State v. Reynaldo Lerma

CourtCourt of Appeals of Texas
DecidedOctober 25, 2018
Docket03-18-00194-CR
StatusPublished

This text of State v. Reynaldo Lerma (State v. Reynaldo Lerma) is published on Counsel Stack Legal Research, covering Court of Appeals of Texas primary law. Counsel Stack provides free access to over 12 million legal documents including statutes, case law, regulations, and constitutions.

Bluebook
State v. Reynaldo Lerma, (Tex. Ct. App. 2018).

Opinion

TEXAS COURT OF APPEALS, THIRD DISTRICT, AT AUSTIN

NO. 03-18-00194-CR

The State of Texas, Appellant

v.

Reynaldo Lerma, Appellee

FROM THE DISTRICT COURT OF HAYS COUNTY, 207TH JUDICIAL DISTRICT NO. CR-15-0598, HONORABLE JACK H. ROBISON, JUDGE PRESIDING

MEMORANDUM OPINION

After the State of Texas failed to disclose the identity of a confidential informant, the

trial court granted appellee Reynaldo Lerma’s motion to dismiss the capital murder charges against

him pursuant to Texas Rule of Evidence 508. See Tex. R. Evid. 508(c)(2)(A)(i); see also Tex. Penal

Code § 19.03 (describing offense of capital murder). The State appeals from that order. Because

we conclude that Lerma failed to meet his burden of showing that a reasonable probability exists that

the informer could give testimony necessary to a fair determination of his guilt or innocence, we

will reverse the trial court’s order and remand this cause to the trial court for further proceedings.

BACKGROUND

Lerma was indicted for capital murder in connection with the death of Joel Espino.

The State’s theory of the case, as it emerges from the record before us, is that Espino and his

roommate Andrew Alejandro were narcotics dealers. Lerma and several co-defendants allegedly approached the residence where Espino and Alejandro lived and attempted to rob them. During the

attempted robbery, Alejandro shot and killed Espino and also shot and wounded two of Lerma’s

co-defendants. Alejandro was the only person who discharged a firearm during the encounter. The

State charged Lerma and several co-defendants with capital murder and one co-defendant with

robbery. The record indicates that the State has not charged Alejandro in connection with this event.
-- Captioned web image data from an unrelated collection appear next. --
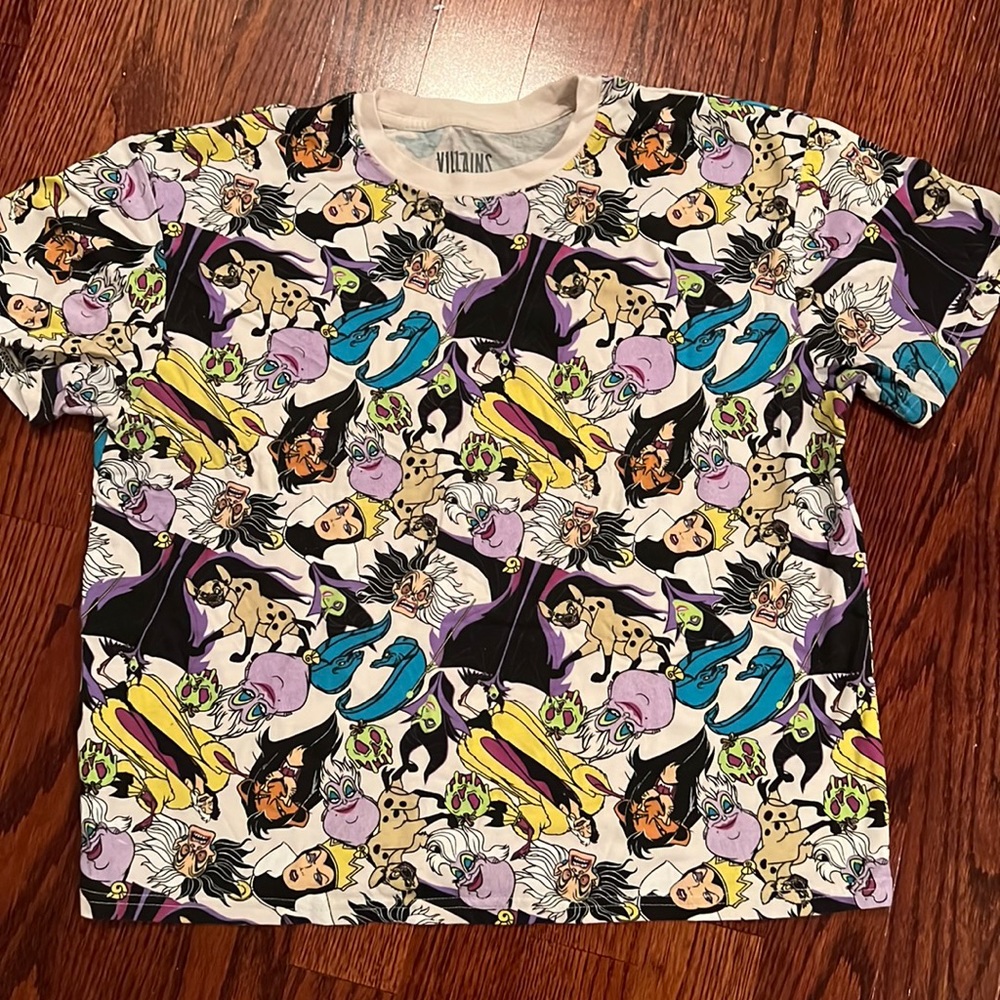 Villains Tee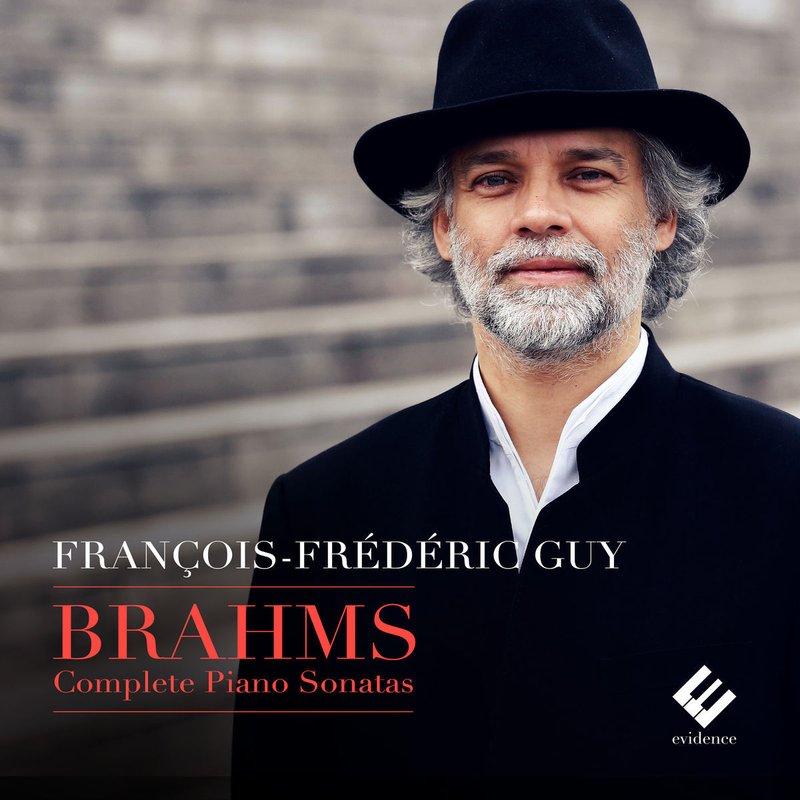Fran?ois-Frédéric Guy – Brahms- Complete Piano Sonatas (5.1 Edition)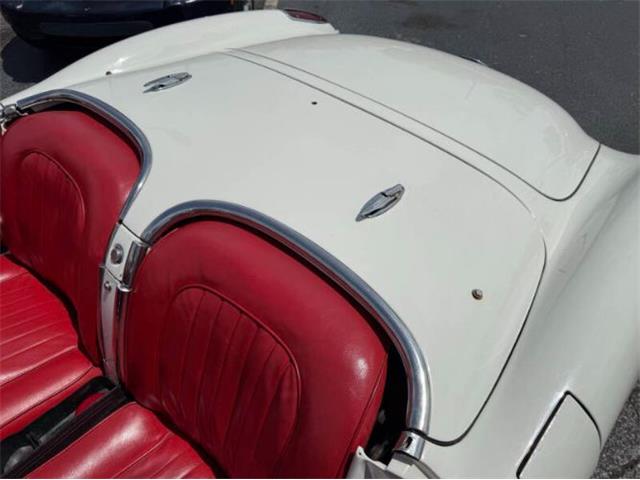 1960 Chevrolet Corvette (CC-2083505) for sale in Cadillac, Michigan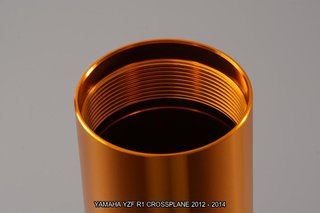 Vainas de horquilla SPR YAMAHA YZF R1 2012 - 2014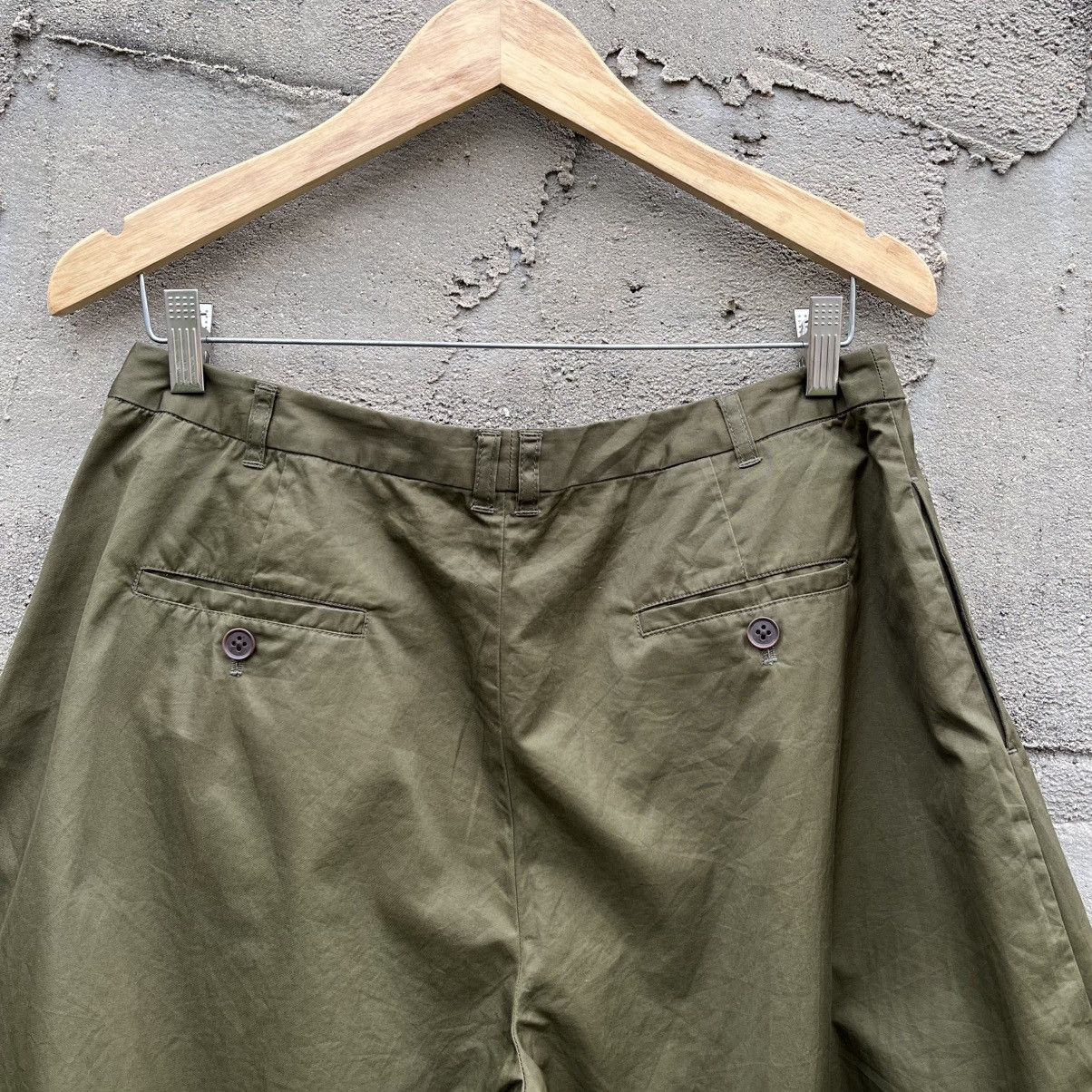 Y's Hakama pants Y’S by Yohji yamamoto Size US 32 / EU 48 - 7 Thumbnail
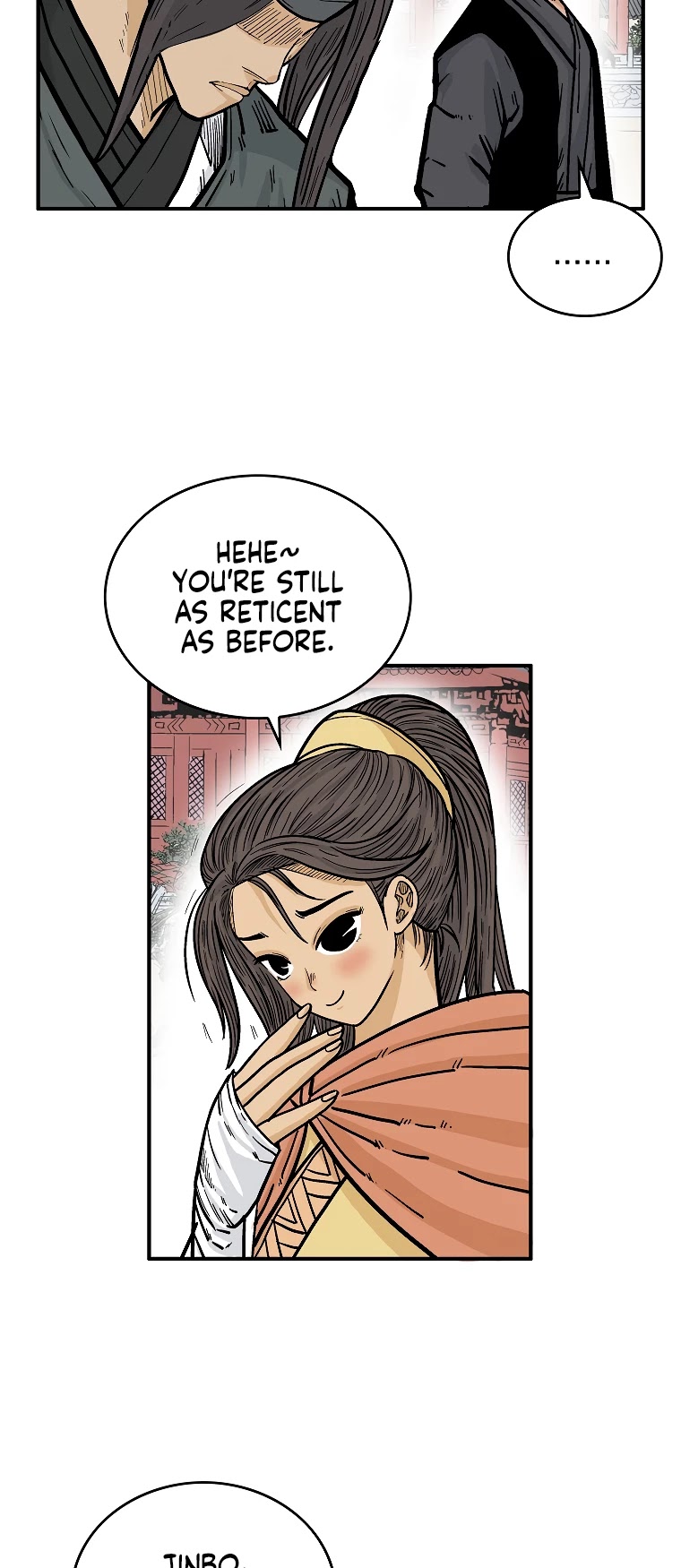 Fist Demon of Mount Hua Chapter 65 page 28 - Chapter 65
Before trial, the Defense learned that a confidential informant (CI) working with the

Hays County Narcotics Task Force (the Task Force) made a controlled buy of marihuana from

Espino about three months prior to the shooting. The Defense further learned that Espino was not

charged after the buy and that the purchased drugs were ordered destroyed. At a pretrial hearing in

August 2016, the Defense informed the trial court, “We believe [Espino] was acting as a CI and we

would like to have any information that pertains to that.” The following exchange then occurred:

Prosecutor: I don’t think we can be required to conduct—or to provide them with discovery that is basically just a fishing expedition to see whether or not there might be something there.

Defense: Judge, if he was snitching on his roommate and the roommate shot him in the head, I think that is relevant.

The Court: I do, too.

***

The Court: I will just put a gag order on the defense, but he’s going to have to get to see anything that’s been generated, any debriefing, anything like that the defense team gets to look at it because they—they would know what might be exculpatory. I would not.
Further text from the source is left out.